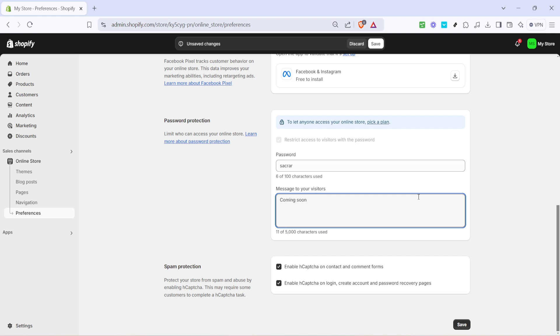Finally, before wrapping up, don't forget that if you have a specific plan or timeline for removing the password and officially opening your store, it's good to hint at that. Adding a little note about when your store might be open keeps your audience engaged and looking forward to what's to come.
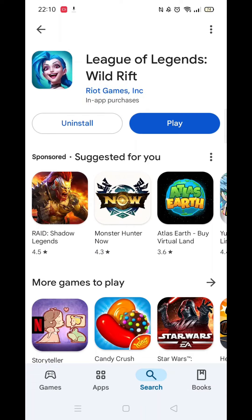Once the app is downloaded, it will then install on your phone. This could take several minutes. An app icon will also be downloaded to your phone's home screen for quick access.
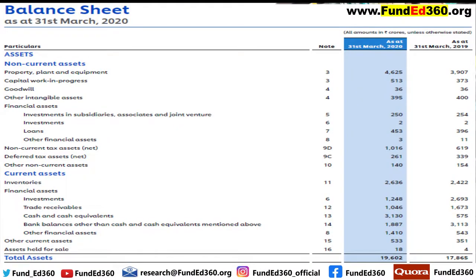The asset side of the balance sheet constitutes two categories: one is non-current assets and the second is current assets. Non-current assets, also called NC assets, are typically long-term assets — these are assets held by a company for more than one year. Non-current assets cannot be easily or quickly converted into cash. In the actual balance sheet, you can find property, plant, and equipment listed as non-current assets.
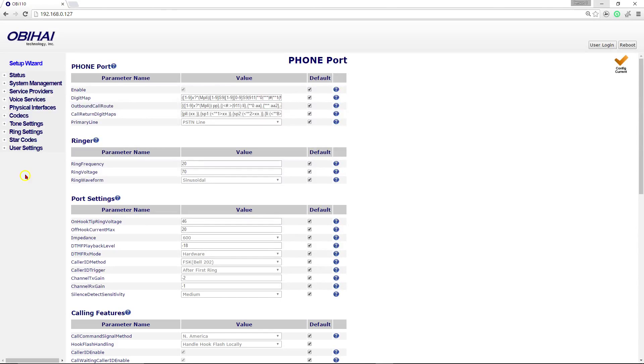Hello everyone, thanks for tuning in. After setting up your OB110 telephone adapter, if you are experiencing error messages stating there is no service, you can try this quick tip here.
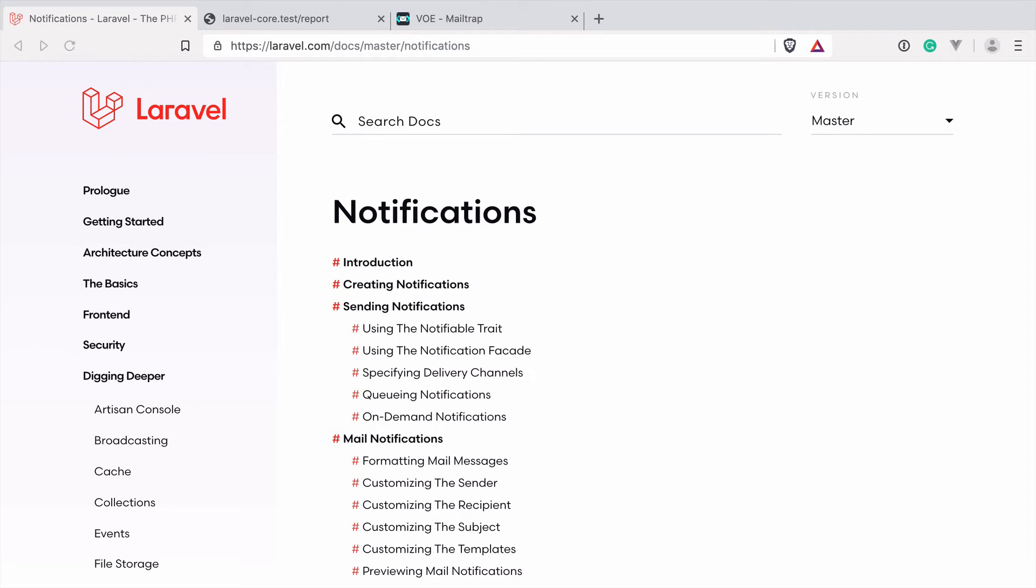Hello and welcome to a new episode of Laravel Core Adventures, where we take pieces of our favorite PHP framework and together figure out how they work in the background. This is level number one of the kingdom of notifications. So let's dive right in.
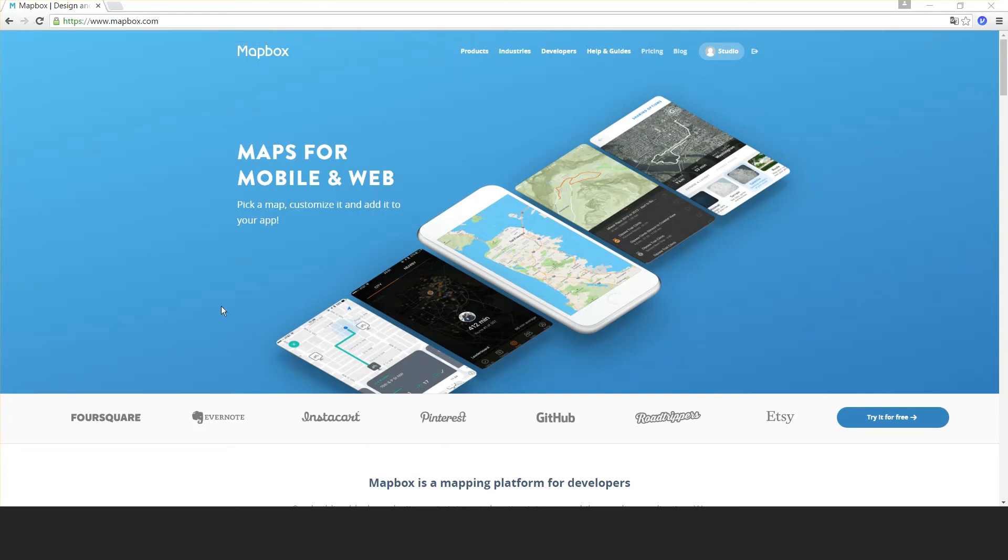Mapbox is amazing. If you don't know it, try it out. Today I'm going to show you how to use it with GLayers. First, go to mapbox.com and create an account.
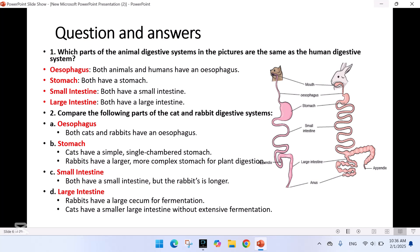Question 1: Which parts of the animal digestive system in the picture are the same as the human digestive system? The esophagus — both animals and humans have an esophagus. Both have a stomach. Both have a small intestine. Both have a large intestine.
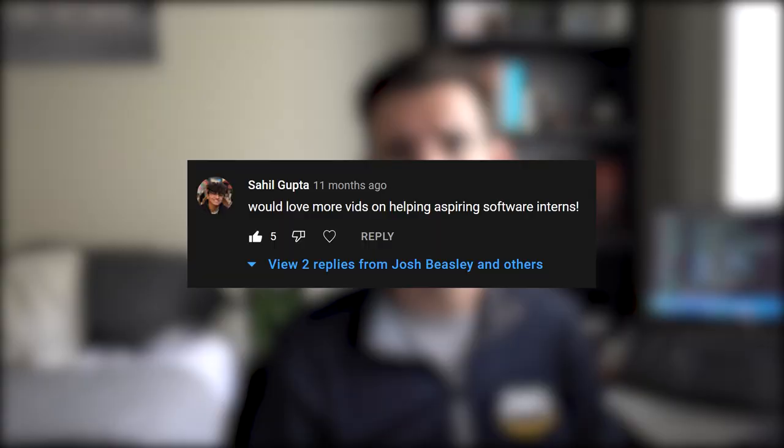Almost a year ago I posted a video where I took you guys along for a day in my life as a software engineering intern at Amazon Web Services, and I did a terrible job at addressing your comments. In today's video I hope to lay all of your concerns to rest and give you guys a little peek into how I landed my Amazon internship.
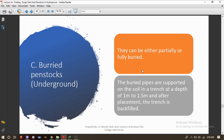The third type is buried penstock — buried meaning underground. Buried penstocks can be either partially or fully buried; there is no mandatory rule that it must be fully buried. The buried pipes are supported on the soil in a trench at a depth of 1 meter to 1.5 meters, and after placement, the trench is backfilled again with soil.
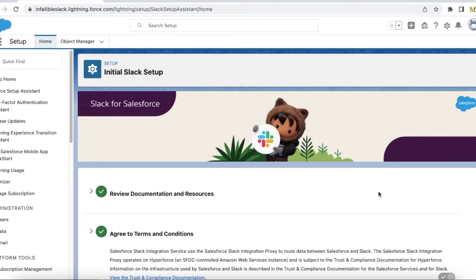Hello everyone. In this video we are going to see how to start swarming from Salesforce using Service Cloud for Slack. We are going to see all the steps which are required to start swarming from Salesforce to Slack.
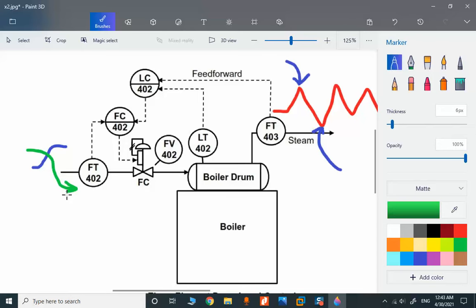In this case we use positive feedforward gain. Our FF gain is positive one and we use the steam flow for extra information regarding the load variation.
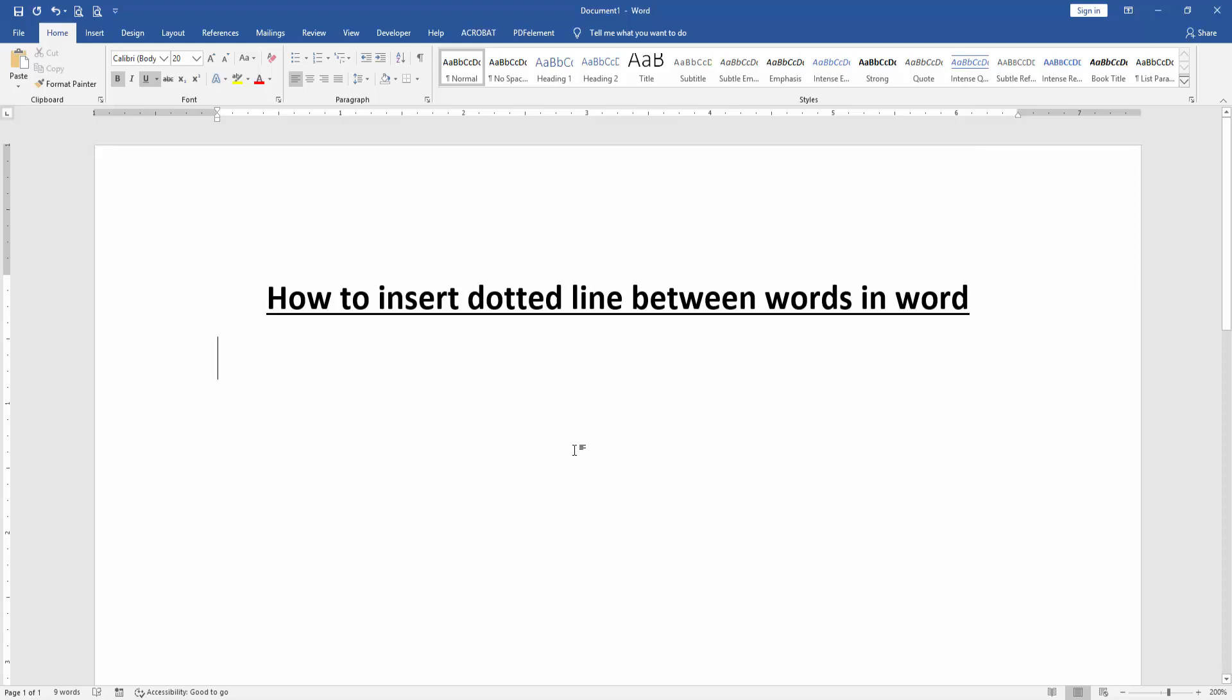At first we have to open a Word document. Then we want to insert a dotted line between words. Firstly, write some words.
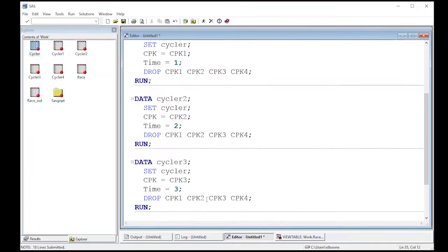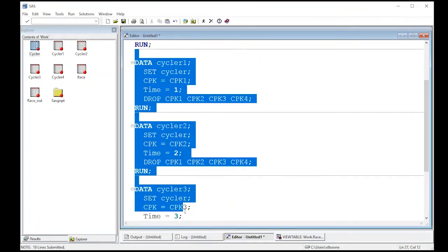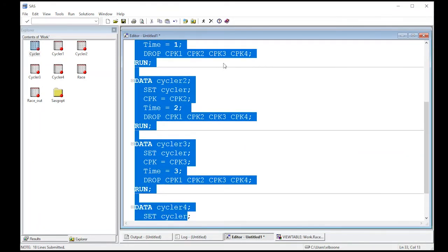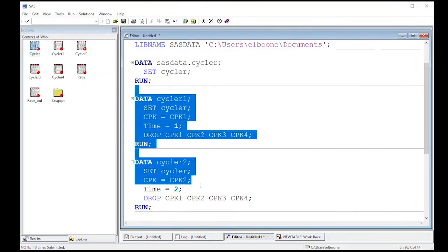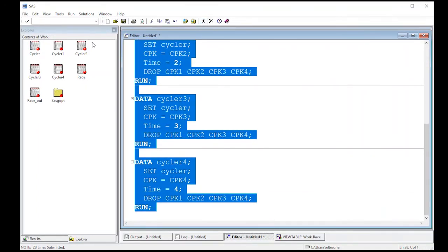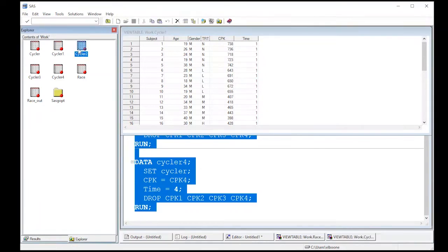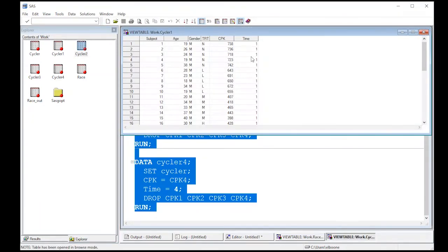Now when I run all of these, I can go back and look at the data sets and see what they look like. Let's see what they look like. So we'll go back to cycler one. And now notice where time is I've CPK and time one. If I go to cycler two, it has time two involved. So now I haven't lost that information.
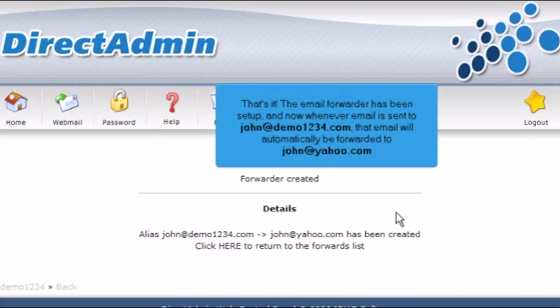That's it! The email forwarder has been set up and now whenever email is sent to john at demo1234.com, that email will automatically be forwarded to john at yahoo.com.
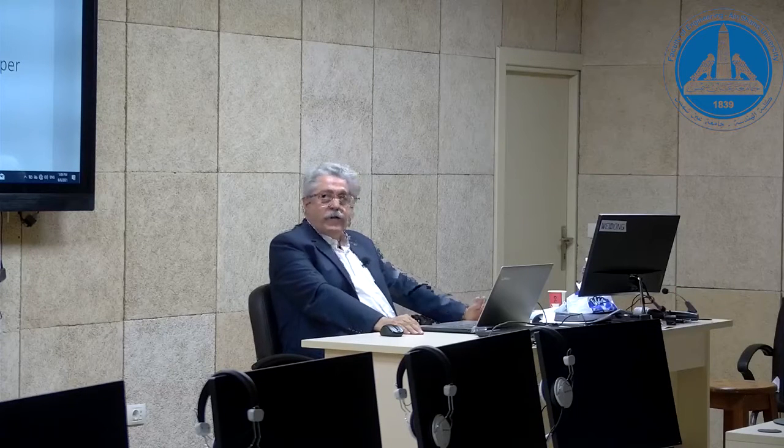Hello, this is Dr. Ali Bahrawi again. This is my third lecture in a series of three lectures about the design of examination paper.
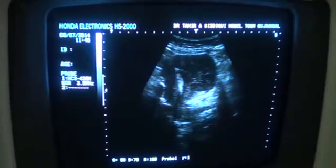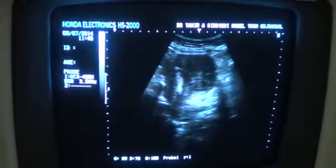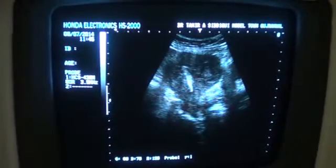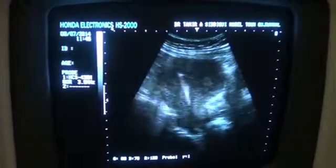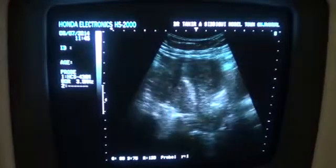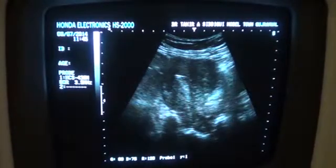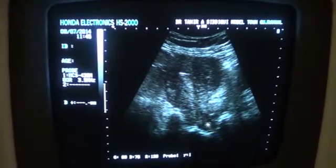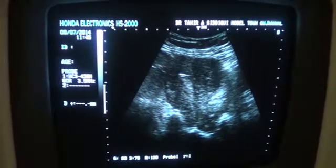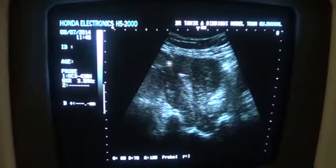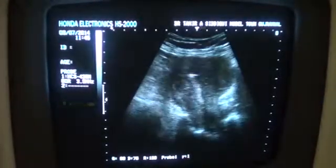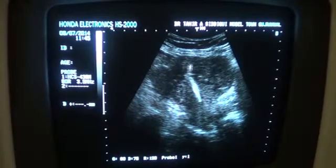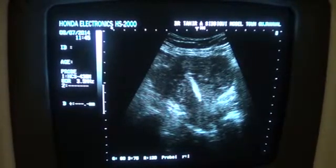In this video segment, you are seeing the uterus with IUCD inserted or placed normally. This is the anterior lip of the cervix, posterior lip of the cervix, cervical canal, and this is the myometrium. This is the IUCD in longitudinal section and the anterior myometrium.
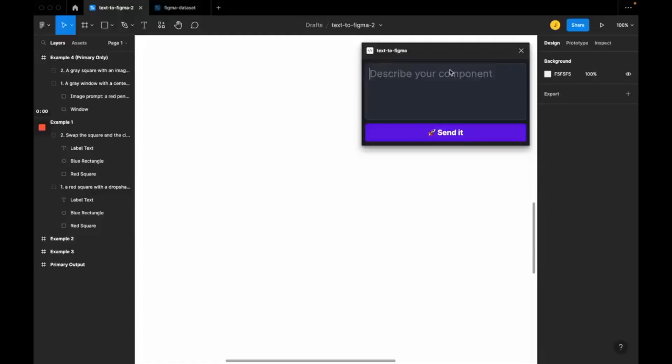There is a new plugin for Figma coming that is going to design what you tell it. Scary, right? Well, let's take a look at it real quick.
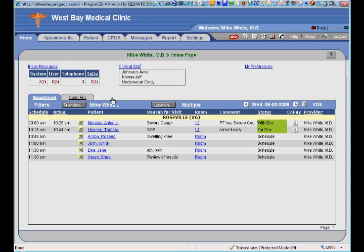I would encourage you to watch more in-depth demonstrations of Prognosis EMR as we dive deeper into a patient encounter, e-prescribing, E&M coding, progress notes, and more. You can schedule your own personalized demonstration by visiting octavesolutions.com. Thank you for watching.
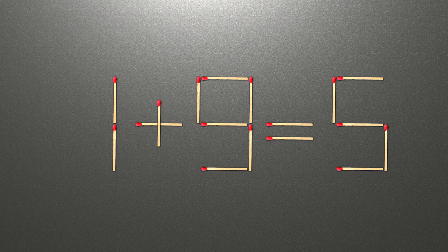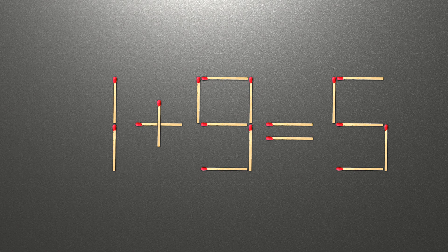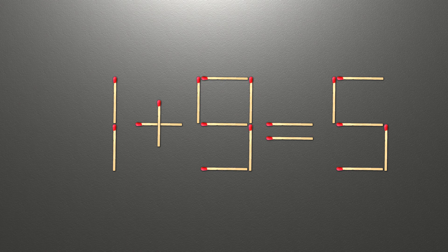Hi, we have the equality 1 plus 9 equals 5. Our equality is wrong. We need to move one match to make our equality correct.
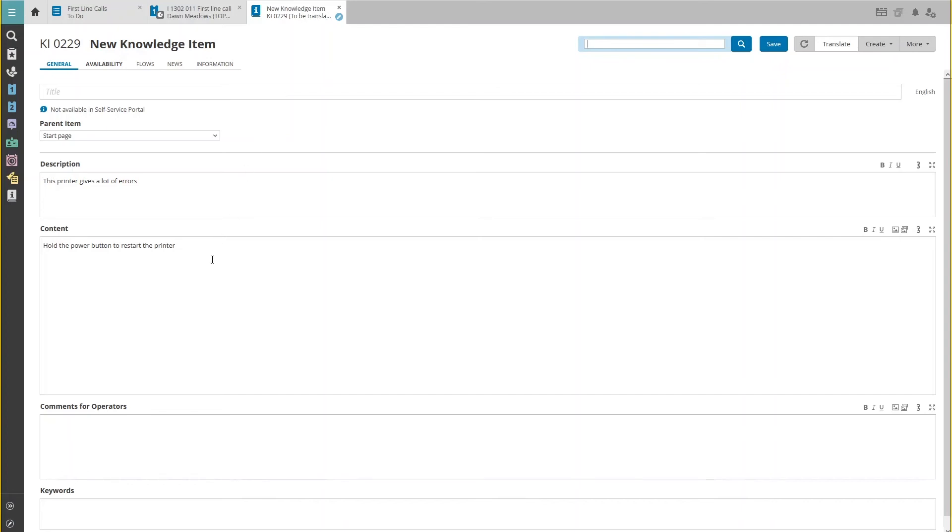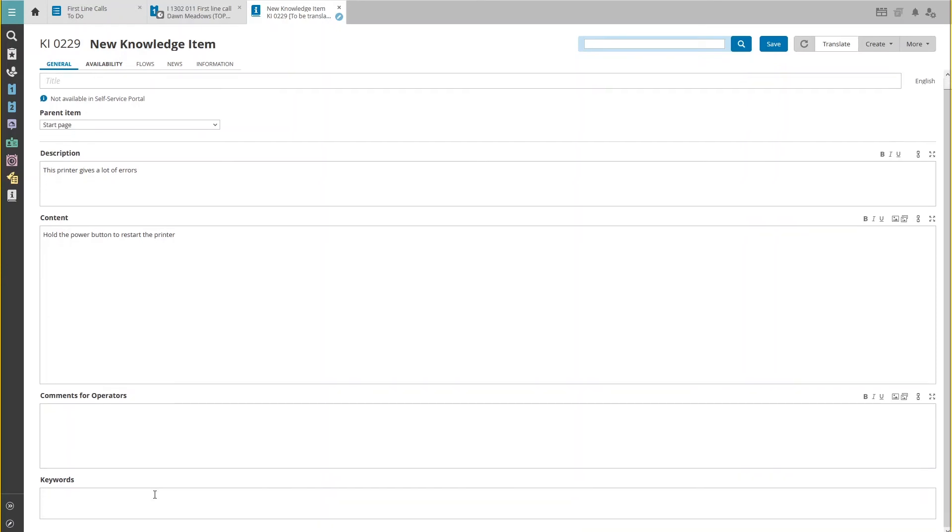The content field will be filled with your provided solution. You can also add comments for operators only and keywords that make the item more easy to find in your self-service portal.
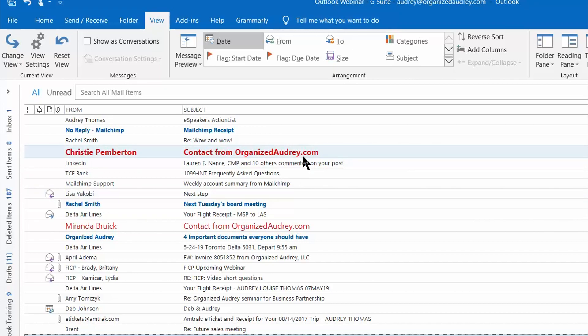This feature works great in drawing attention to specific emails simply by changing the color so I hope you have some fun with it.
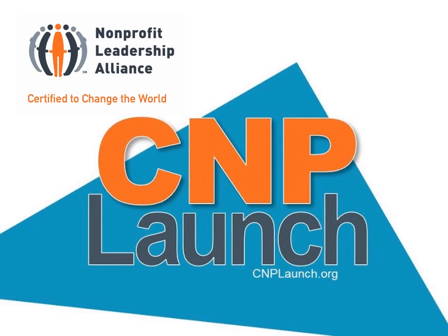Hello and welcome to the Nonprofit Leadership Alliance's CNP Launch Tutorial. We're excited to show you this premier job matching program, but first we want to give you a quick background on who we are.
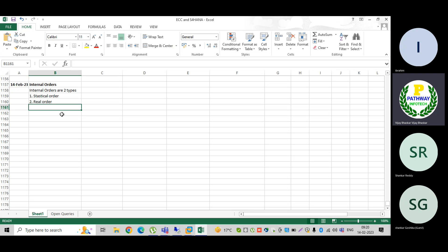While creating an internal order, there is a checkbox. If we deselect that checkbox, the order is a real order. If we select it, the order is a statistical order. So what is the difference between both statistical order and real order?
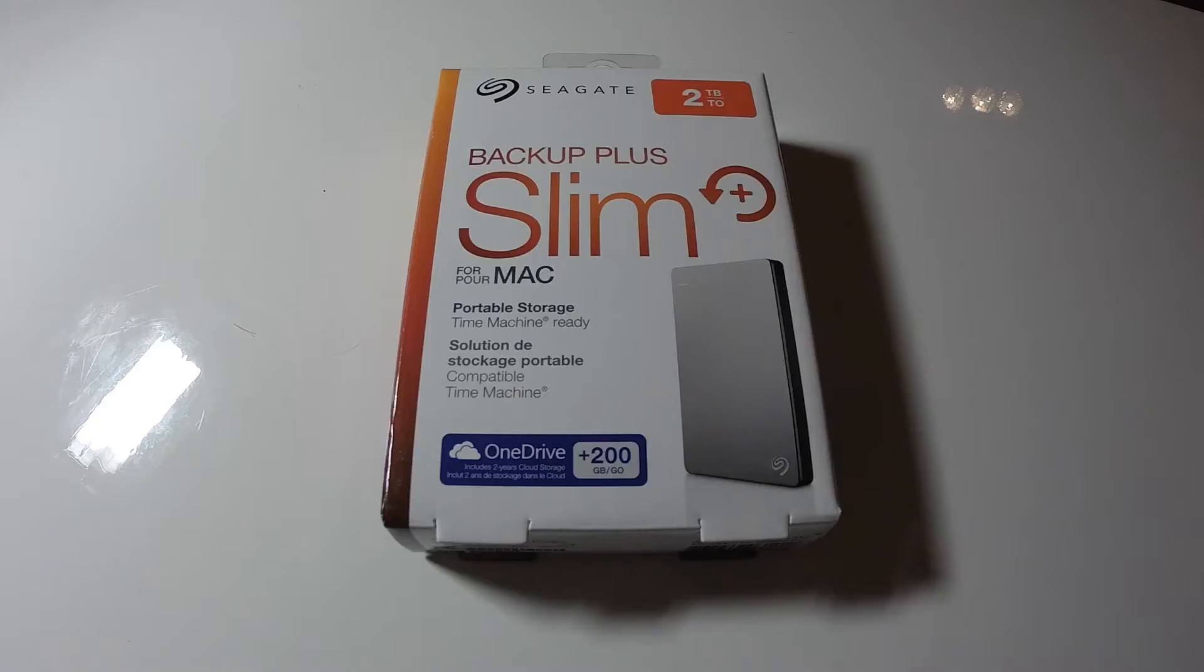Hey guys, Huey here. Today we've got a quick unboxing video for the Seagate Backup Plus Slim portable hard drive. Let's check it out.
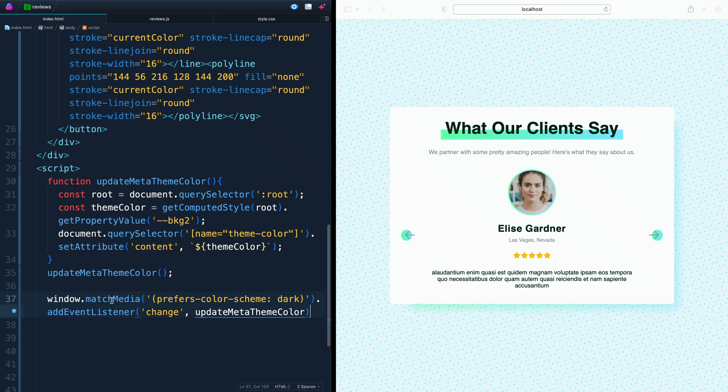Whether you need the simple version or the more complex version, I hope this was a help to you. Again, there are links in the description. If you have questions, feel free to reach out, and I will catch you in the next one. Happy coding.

----------

Starting at the line containing "There is a new" and stopping at the line containing "The content field", output every line above exactly, both ends included, with pictures omitted.

Answer box:
There is a new plugin for Figma coming that is going to design what you tell it. Scary, right? Well, let's take a look at it real quick.
I would encourage you to watch more in-depth demonstrations of Prognosis EMR as we dive deeper into a patient encounter, e-prescribing, E&M coding, progress notes, and more. You can schedule your own personalized demonstration by visiting octavesolutions.com. Thank you for watching.
Hi, we have the equality 1 plus 9 equals 5. Our equality is wrong. We need to move one match to make our equality correct.
The content field will be filled with your provided solution. You can also add comments for operators only and keywords that make the item more easy to find in your self-service portal.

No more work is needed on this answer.